STEPHAN ALAN WARNOCK,
PLAINTIFF,
v.
CITY OF CANTON, SOUTH DAKOTA, A MUNICIPALITY; AMY NELSON, INDIVIDUALLY AND IN HER CAPACITY AS CITY MANAGER OF CANTON, SOUTH DAKOTA;
LARRY NELSON, INDIVIDUALLY AND IN HIS CAPACITY AS CITY ATTORNEY FOR THE CITY OF CANTON, SOUTH DAKOTA; JOHNATHAN TOSO, INDIVIDUALLY AND IN HIS CAPACITY AS MAYOR OF THE CITY OF CANTON, SOUTH DAKOTA; LIZ BOWLING, INDIVIDUALLY AND IN HER CAPACITY AS COMMISSIONER OF THE CITY OF CANTON, SOUTH DAKOTA; CHAD BROWN, INDIVIDUALLY AND IN HIS CAPACITY AS COMMISSIONER OF THE CITY OF CANTON, SOUTH DAKOTA; PAUL KONIETZKO, INDIVIDUALLY AND IN HIS CAPACITY AS COMMISSIONER OF THE CITY OF CANTON, SOUTH DAKOTA; TERRY GLENN, INDIVIDUALLY AND IN HIS CAPACITY AS COMMISSIONER FOR THE CITY OF CANTON, SOUTH DAKOTA; BRIAN ALDEN, INDIVIDUALLY AND IN HIS CAPACITY AS COMMISSIONER FOR THE CITY OF CANTON, SOUTH DAKOTA; CONNIE BOGUE, INDIVIDUALLY AND IN HER CAPACITY AS COMMISSIONER FOR THE CITY OF CANTON, SOUTH DAKOTA; JEFF NOLTE, INDIVIDUALLY AND IN HIS CAPACITY AS COMMISSIONER OF THE CITY OF CANTON, SOUTH DAKOTA; AND MARK IVERSON, INDIVIDUALLY AND IN HIS CAPACITY AS COMMISSIONER OF THE CITY OF CANTON, SOUTH DAKOTA, DEFENDANTS.

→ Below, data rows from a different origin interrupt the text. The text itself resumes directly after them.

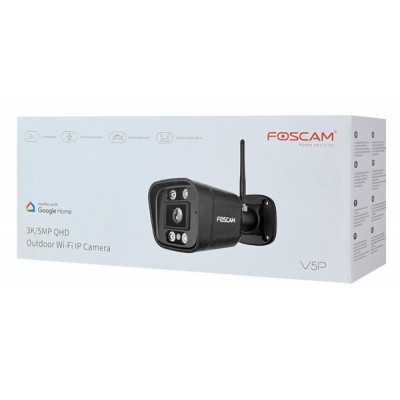 FOSCAM smart IP κάμερα V5P, 5MP 3K, 6x zoom, WiFi, IP66, Onvif, μαύρη FOSCAM smart IP κάμερα V5P, 5MP 3K, 6x zoom, WiFi, IP66, Onvif, μαύρη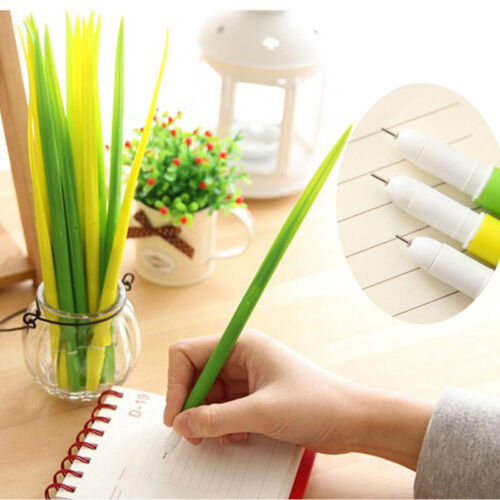 8Pcs Fashion Cute Colorful Grass Leaf Ball Pen Office School Supply Stationery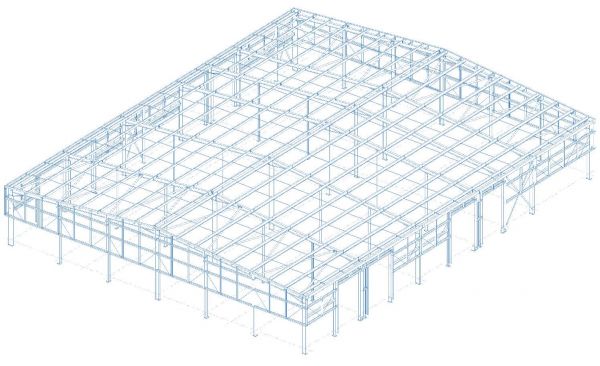 Industrial units, Newbridge, Edinburgh - SteelConstruction.info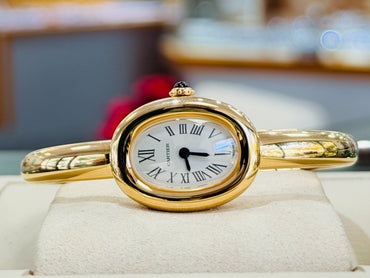 Cartier Baignoire WGBA0044 Mini Yellow Gold Ladies Size 15 quartz   Box and Papers Unworn - Diamonds East Intl.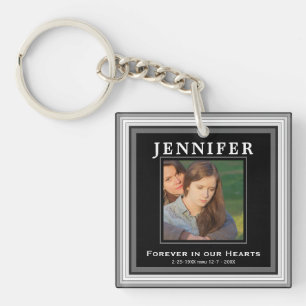 Custom Memorial   Keepsake Key Ring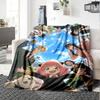 Spy x Family Print Flannel Blanket High Quality Warm Comfortable Cover for All Seasons Perfect for Gifts Home Decor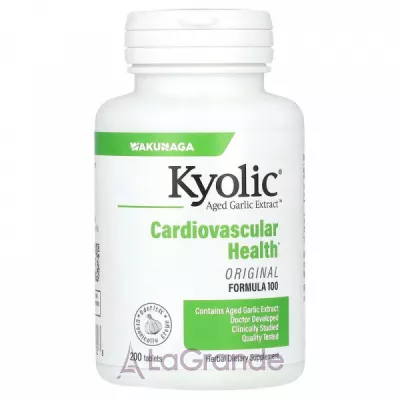 Kyolic Aged Garlic Extract Cardiovascular Health Formula 100 ĳ    -  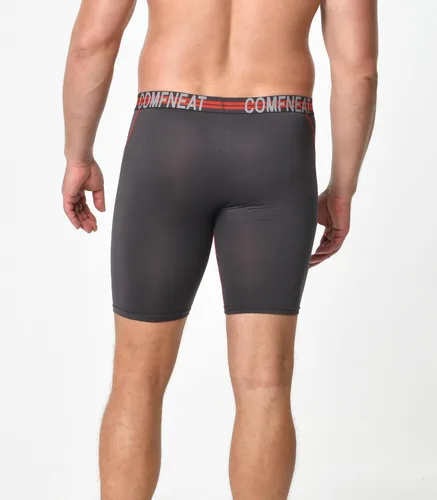 Vista 5 de Comfneat Calzoncillos tipo bóxer para hombre de 9 pulgadas de largo, transpirables, paquete de 4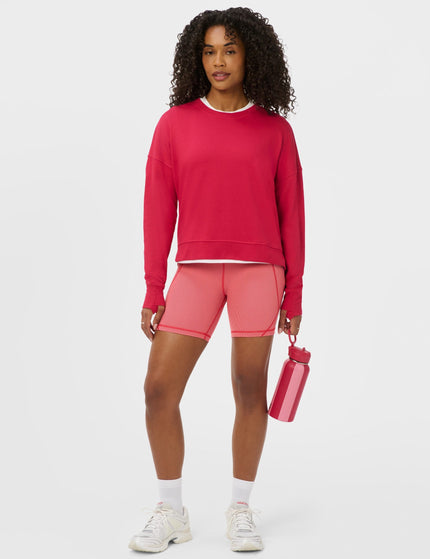 Sweaty Betty After Class Crop Sweatshirt - Crimson Redimages5- The Sports Edit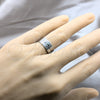 Stainless Steel Mens Ring, Black Brushed Finish, Steel Finish, 01.63.0725.07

The opinion of the court was delivered by: Karen E. Schreier Chief Judge

ORDER GRANTING DEFENDANTS' MOTION FOR SUMMARY JUDGMENT

Defendants move for summary judgment and claim that all of plaintiff's claims fail as a matter of law and should be dismissed. Docket 17. Defendants argue that plaintiff cannot establish that he was denied due process because he does not have a property interest in his employment, he cannot maintain a cause of action under the Privacy Act against a municipality, he cannot establish that defendants acted outrageously, and that a § 1983 claim cannot be maintained against any of the defendants in their official or individual capacities. Plaintiff, Stephan Alan Warnock, resists that motion. Docket 21. Warnock claims that there are genuine disputes of material fact that must be decided by the jury, and defendants' motion should be denied. For the following reasons, defendants' motion for summary judgment is granted.

BACKGROUND

The evidence*fn1 viewed in the light most favorable to the nonmoving party, Stephan Alan Warnock, is:

The City of Canton (Canton or the city) is a municipality that had an aldermanic form of government until 2008. Warnock began working as a part-time police officer for the city in 1995. In June of 1999, Warnock was appointed as chief of police for the city. Warnock was appointed to the same position on an annual basis. In 2008, the city changed to a city manager form of government. Amy Nelson (city manager or city manager Nelson)*fn2 was the first full-time city manager for the city.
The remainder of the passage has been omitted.